◆ TASK TO COMPLETE
Note the line containing "茶子树种植技术(如何移栽3—6年生的挂果油茶树？)"; from it through the last line below, give only those lines again, exactly, both ends included, skipping pictures.

◆ INPUT DATA
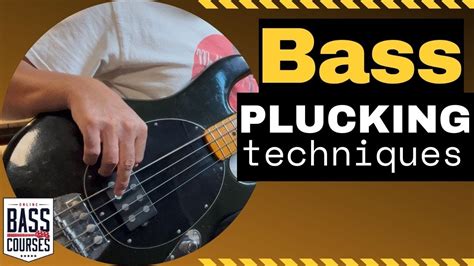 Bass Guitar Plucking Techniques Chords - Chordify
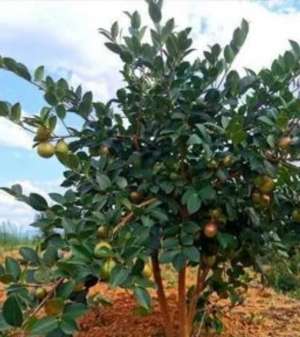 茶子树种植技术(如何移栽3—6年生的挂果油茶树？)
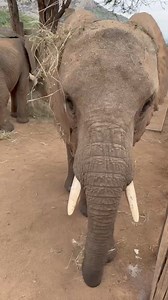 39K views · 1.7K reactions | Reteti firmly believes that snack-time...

◆ EXERCISE OUTPUT
 茶子树种植技术(如何移栽3—6年生的挂果油茶树？)
 39K views · 1.7K reactions | Reteti firmly believes that snack-time...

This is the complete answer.